Я не знаю эльетиммского, но поняла их резкие вопросы, эхом заметавшиеся вокруг моих мыслей.
Ученый закутался в непокорность.
— Не скажу.
— Кто тебя научил? — Страх и ненависть проскользнули в вопросе эльетимма, но его Высшее Искусство разрезало Паррайла как нож.
Словно мелькнувшую страницу в открытой и тут же захлопнутой книге, я увидела ментора Тонина, наставника Паррайла в далеком Ванаме.
— Ты не можешь противиться нам. — Злое удовлетворение окрасило хор мыслей эльетиммов. Тот миг единства прошел, и все трое напали на ученого с безжалостным допросом.
— Кто ты?
— Где твои друзья?
— Кто предал Мьюрдарча?
Неужели мы так и будем на это смотреть? Я хотела встряхнуть Гуиналь за плечи, настоять, чтобы она вытащила оттуда парня, чтобы сделала что-нибудь, но я не посмела. Вдруг эти ублюдки насторожатся? Вдруг они поймут, что мы подслушиваем? Страх за себя и за Паррайла комом встал в моем горле, едкий, как желчь.
Бесцветный огонь на миг осветил реальность.
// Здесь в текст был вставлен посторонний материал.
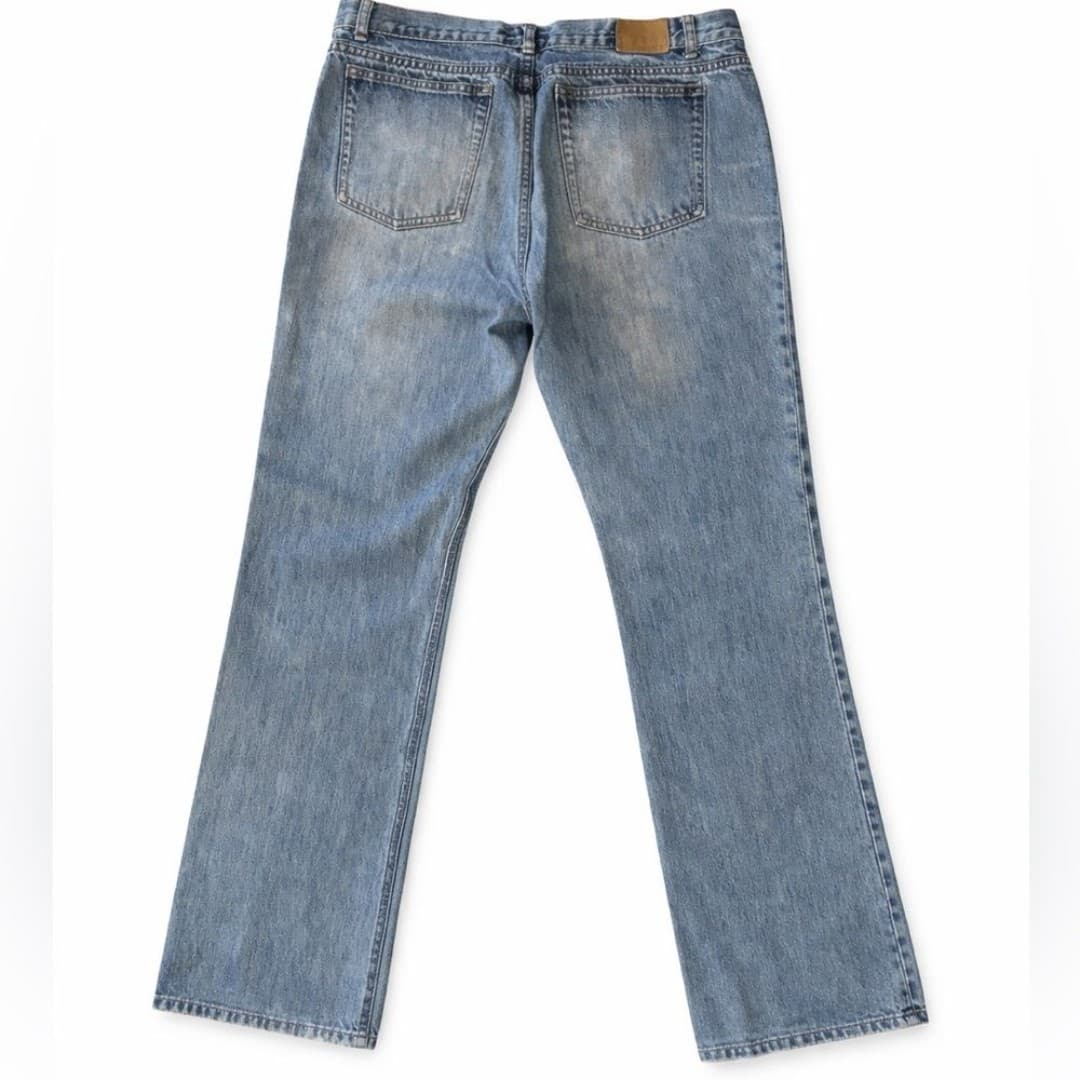 J.Crew Women’s Size 12 Medium Wash Straight Leg Jeans 100% Cotton Classic Denim - Thumbnail 2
Далекий частокол побледнел, и я отчетливо увидела «Эринго». Страшная боль от сломанной кости пронзила мое запястье, хотя я знала, что это не моя травма.
— Будь они прокляты! — Горькие слова Гуиналь вновь крепко привязали меня к ее воле. Я снова увидела частокол, увидела зверя-пирата, который выкручивал посиневшую руку Паррайла. Ученый зарыдал и начал биться головой о землю, слезы лились из его сощуренных глаз.
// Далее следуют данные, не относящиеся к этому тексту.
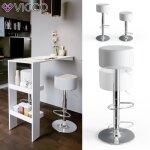 Vicco tabouret de bar blanc 38. 5 x 92 cm 2 pièces Vicco tabouret de bar blanc 38. 5 x 92 cm 2 pièces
Все три эльетимма столпились как стервятники, вокруг парня, не дожидаясь, когда их добыча перестанет дышать. Безносый пират торопливо отполз, он явно испугался этих тощих чужаков. Обнимая сломанную руку, Паррайл свернулся в беспомощный комок, от его непокорности больше не было пользы.
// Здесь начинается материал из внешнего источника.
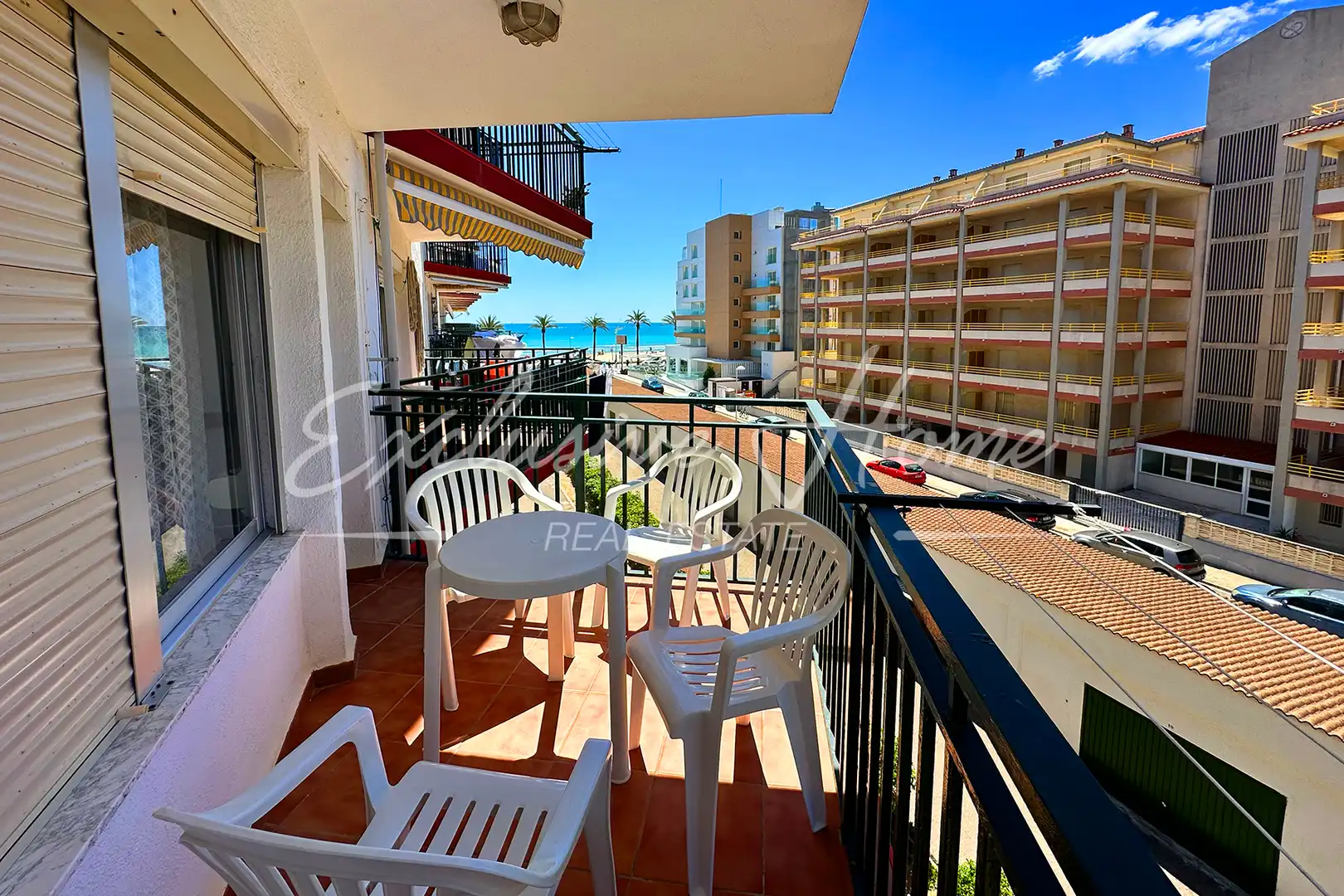 Terraza de Apartamento en venta en Peñíscola / Peníscola con Amueblado, Horno y Lavadora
Эльетиммы соединили руки. Вместе с ними и мы с Гуиналь явственно увидели обнаженную жизнь Паррайла. Дорогие воспоминания запорхали мимо меня, как цветные страницы, вырванные из драгоценной книжки детских сказок и рассыпанные по равнодушной земле. Паррайл был любимым ребенком, тем более что детские хвори унесли многих его братьев и сестер к чуткой заботе Полдриона. Его отец, скромный клерк в купеческом доме, экономил на всем, чтобы послать своего многообещающего сына в Ванам, мать утирала слезы, утешая себя, что все эти жертвы — ради ее любимца. Не ленивый и не богатый, студент Паррайл был на посылках у более денежных учеников, дабы иметь что-то на пропитание, но даже тогда ходил голодный, если какой-то заманчивый свиток или пергамент опустошал его кошелек. Гордость ментора Тонина согревала молодого ученого, поддерживала его уверенность в своих талантах, научила его выпутывать нити смысла из клубка суеверий и искаженных молитв — все, что Хаос оставил от эфирного знания.
Эти воспоминания колдуны разорвали на части, в отчаянии они искали то, что Паррайл знал, а они — нет. Терзаемый жгучей болью в руке, ученый лежал, беспомощный, и не сопротивлялся, когда они подвергли холодному изучению его первый визит в Келларин. Они увидели его нервным и возбужденным в группе ментора Тонина, Паррайл был захвачен тем, как сухая теория его исследований обретает плоть и кровь реальности. Но после нападения эльетиммов тот интерес сменился ужасом. Друзья и маги лежали мертвые со всех сторон, и никто, кроме Паррайла, не мог разбудить спящих колонистов. По дороге к спрятанной пещере Эдисгессета он призвал всю свою решимость и волю, чтобы победить малодушные сомнения.
Я с удивлением обнаружила, что Паррайл меня боялся, но это мимолетное впечатление исчезло как дым в пылающем огне его преданности Гуиналь. Изумленный ее красотой, ученый хранил в памяти ее спящее лицо, застывшее в тусклом свете пещеры, — такое, каким он впервые его увидел и какое парило сейчас перед всеми нами. Тот первый восторг сопровождал юношу постоянно. Каждое слово барышни было для Паррайла как милость, каждое ее действие выглядело доказательством ее благородства и добродетели. Даже его возвращение в Ванам не поколебало эту верность, и когда появился шанс вернуться, страстное желание ученого быть полезным своей госпоже окрашивало все его мысли и поступки.